Repeat chest-abdomen-pelvis imaging with CT/MRI and ctDNA at 3, 6, 12, 18 and 24 months. After 2 years, follow up schedule is at the discretion of the treating physician.
Eligibility
Inclusion Criteria:
- Male or female >18 years
- Primary urothelial or predominantly (>50%) urothelial carcinoma of the bladder with histologic evidence of muscularis propria invasion.
- Clinical stage T2-T4aN0M0 (Radiographic lymphadenopathy greater than 1.5 cm in short axis by imaging must be proven by biopsy to be free of cancer)
- No concomitant multifocal carcinoma in situ; a single focus is allowed.
- ECOG performance status 0, 1, or 2.
- Participants must be able to undergo pelvis MRI.
- Medically appropriate candidate for radical cystectomy (assessed by uro-oncologist) or chemo-radiation (assess by radiation-oncologist and medical-oncologist)
- Participants must be candidate to received standard of care (SOC) neoadjuvant systemic treatment at time of enrolment (assessed by medical-oncologist): 4 or more cycles of cisplatin-based chemotherapy (gemcitabine/cisplatin (GC) or methotrexate/vinblastine/Adriamycin/cisplatin (MVAC) or dose-dense MVAC (ddMVAC).
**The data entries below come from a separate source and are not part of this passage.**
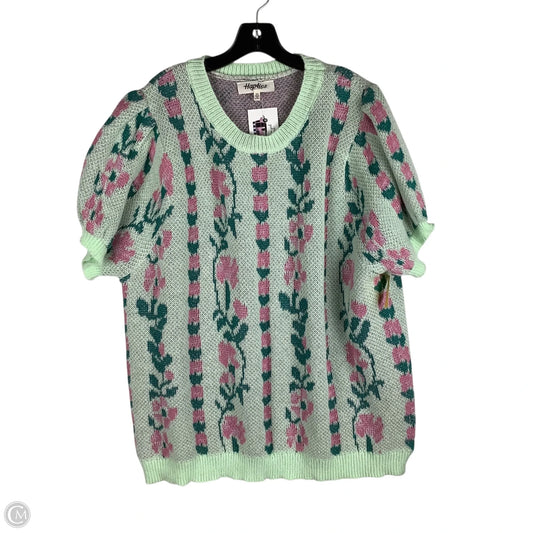 Sweater Short Sleeve By Haptics In Green & Pink, Size: 3x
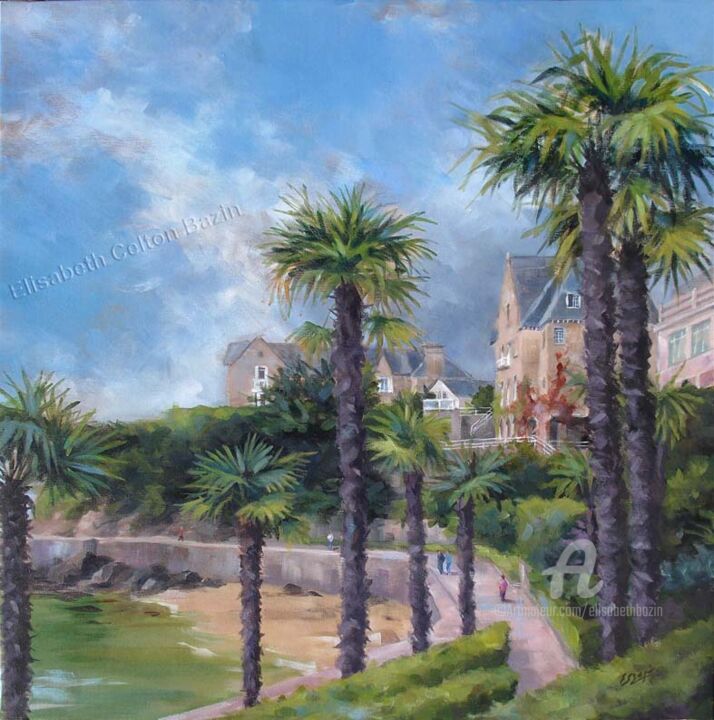 Painting titled "La promenade du Cla…" by Elisabeth Bazin, Original Artwork, Acrylic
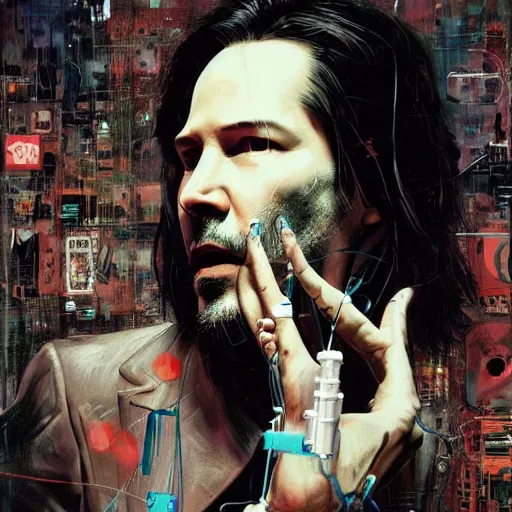 Prompt: keanu reeves as a cyberpunk noir detective, skulls, wires cybernetic implants, machine noir grimcore, in the style of adrian ghenie esao andrews jenny saville surrealism dark art by james jean takato yamamoto and by ashley wood and mike mignola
If SOC evolves from the time of trial design and enrolment, eligibility to any SOC NAT (for example immunotherapy and/or antibody drug conjugate, as per NCCN guideline) will be allowed.
- Adequate bladder function and/or absence of significant urethral stricture to allow cystoscopic surveillance, as evaluate by urologist.
Exclusion Criteria:
- Any component of small cell or plasmacytoid histology.
- Prior systemic chemotherapy or immunotherapy (an anti-PD-1, anti-PD-L1, anti-PD-L2, anti-CTLA-4 antibody, or any other antibody or drug specifically targeting T-cell co-stimulation or immune checkpoint pathways) or antibody-drug conjugate (NECTIN-4, HER2 or other) : Participants who have received any previous systemic therapy for urothelial carcinoma or cytotoxic chemotherapy, immunotherapy or other targeted therapy for another malignancy within 2 year of study entry are ineligible.
- No available bladder tumor tissue from prior TURBT for tumor sequencing.
- Prior or concurrent malignancy of any other site EXCEPT for non-melanoma skin cancer OR low risk malignancy not requiring treatment (such as prostate cancer Grade Group 1 under adequate surveillance, carcinoma in situ of the breast, cervix, etc.) AND unless free of disease for ≥ 5 years. Other cancers at low risk of recurrence may be allowed after review by principal investigator.
- Prior radiation therapy for bladder cancer.
- Participants who have received experimental agents within 4 weeks of study entry.
- Uncontrolled intercurrent illness including, but not limited to, ongoing or active infection (defined by current oral or intravenous antibiotic therapy), symptomatic congestive heart failure (NYHA >2), unstable angina pectoris, cardiac arrhythmia, or psychiatric illness/social situations that would limit compliance with study requirements.
- Pregnancy. People of childbearing potential must have a negative serum pregnancy test before general anesthesia procedure and MRI
- No concurrent treatment on another clinical trial; supportive care trials or non-therapeutic trials (e.g., quality of life) are allowed.